DATA LISTING
=== Section Start ===

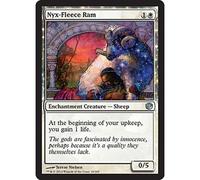 Magic: The Gathering Nyx-Fleece Ram | Journey Into Nyx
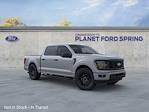 2024 Ford F-150 SuperCrew Cab RWD, Pickup for sale #R1337 - photo 7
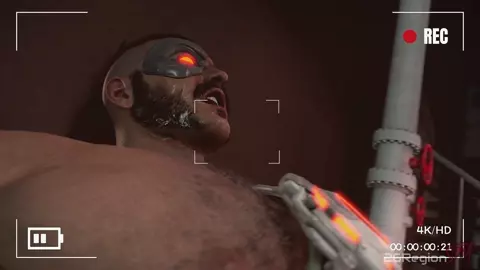 The Cassie List - Sub Español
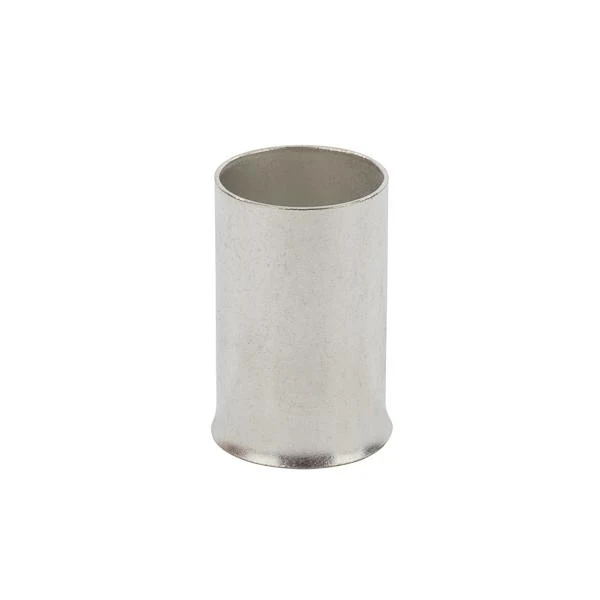 PARALLEL SPLICE NON-INSULATED 0.738 ID TIN PLATED COPPER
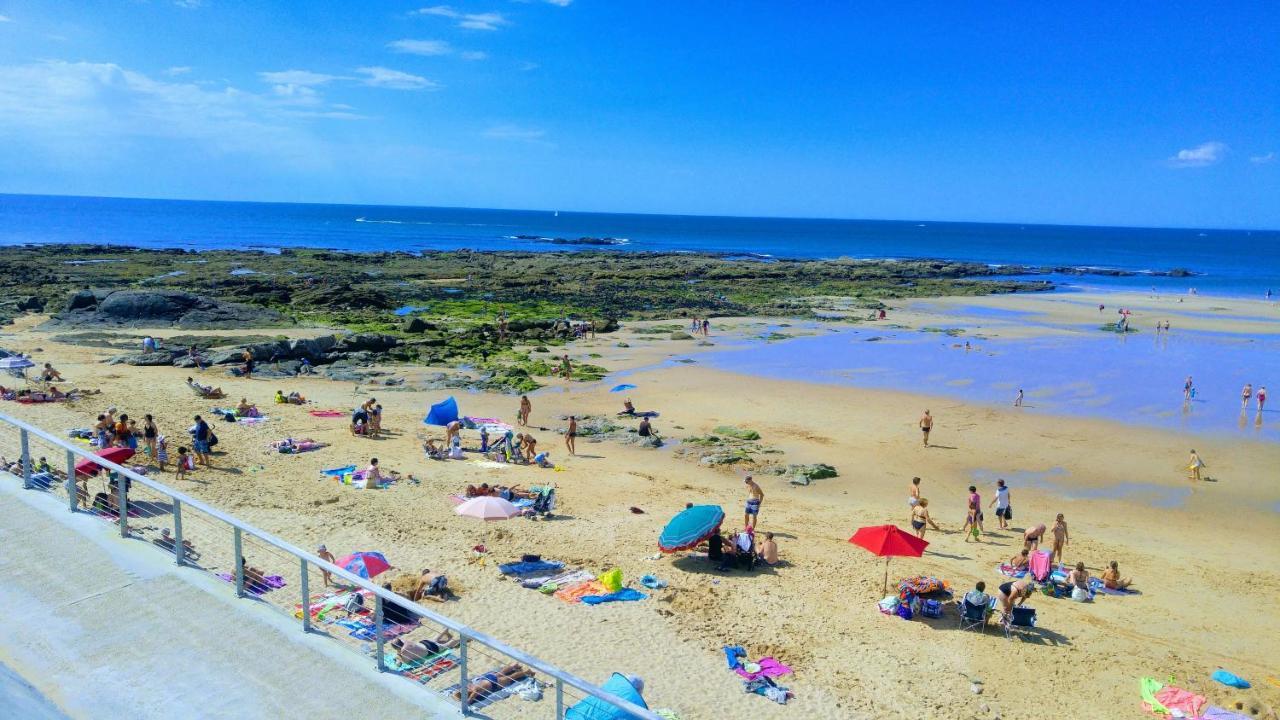 Le Soleil Levant * Les Sables-dʼOlonne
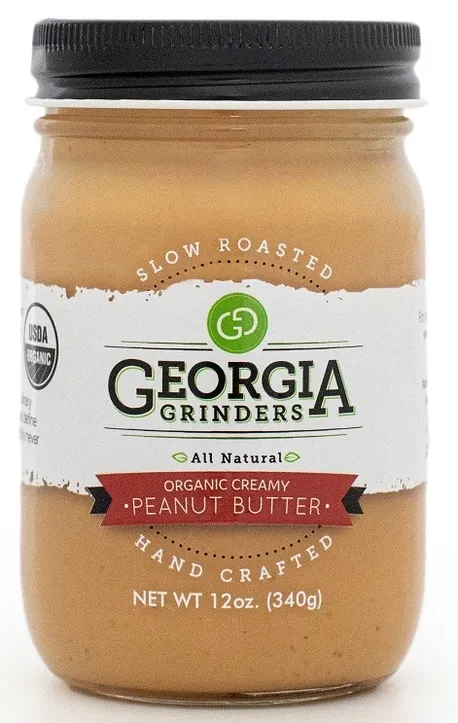 Georgia Grinders - Peanut Butter Starter Pack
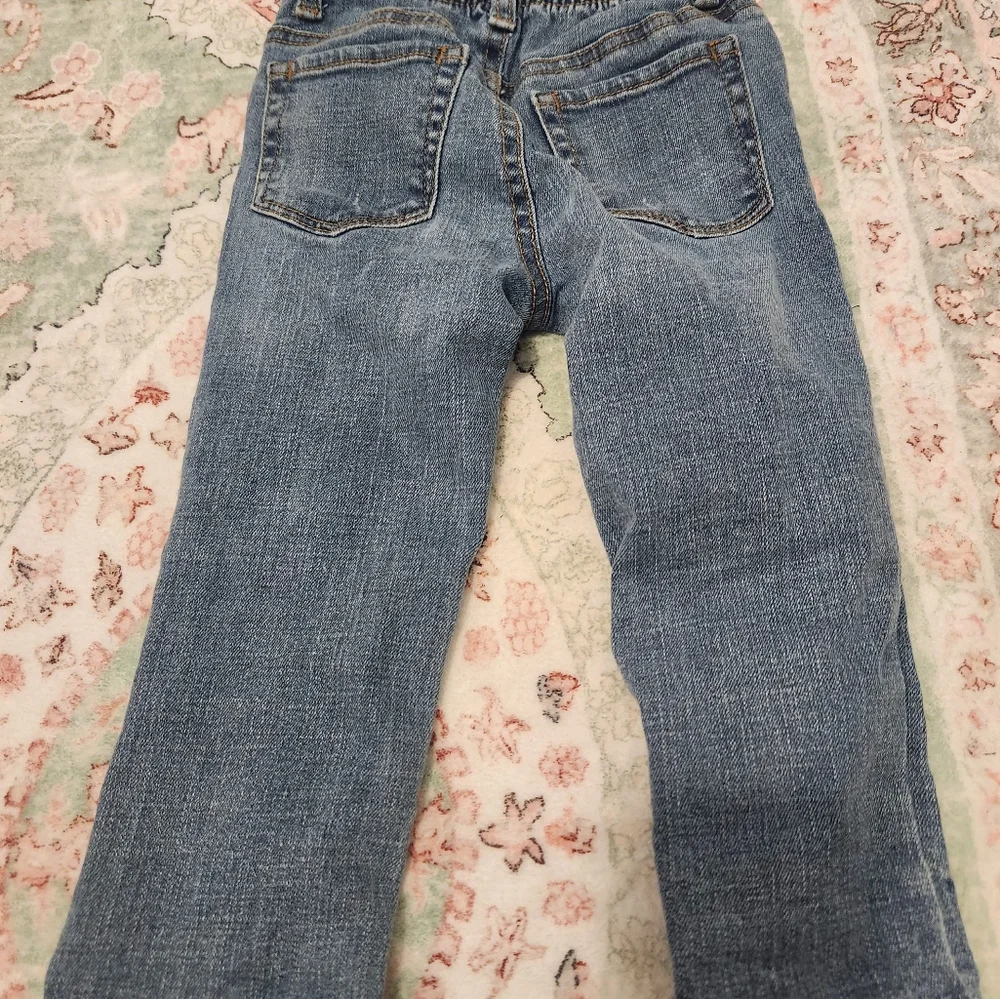 Old Navy Toddler Jeans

=== Section End ===

EXERCISE INSTRUCTIONS
Without changing a word, transcribe all of the data and omit its images.

PROBLEM SOLUTION
 Magic: The Gathering Nyx-Fleece Ram | Journey Into Nyx
 2024 Ford F-150 SuperCrew Cab RWD, Pickup for sale #R1337 - photo 7
 The Cassie List - Sub Español
 PARALLEL SPLICE NON-INSULATED 0.738 ID TIN PLATED COPPER
 Le Soleil Levant * Les Sables-dʼOlonne
 Georgia Grinders - Peanut Butter Starter Pack
 Old Navy Toddler Jeans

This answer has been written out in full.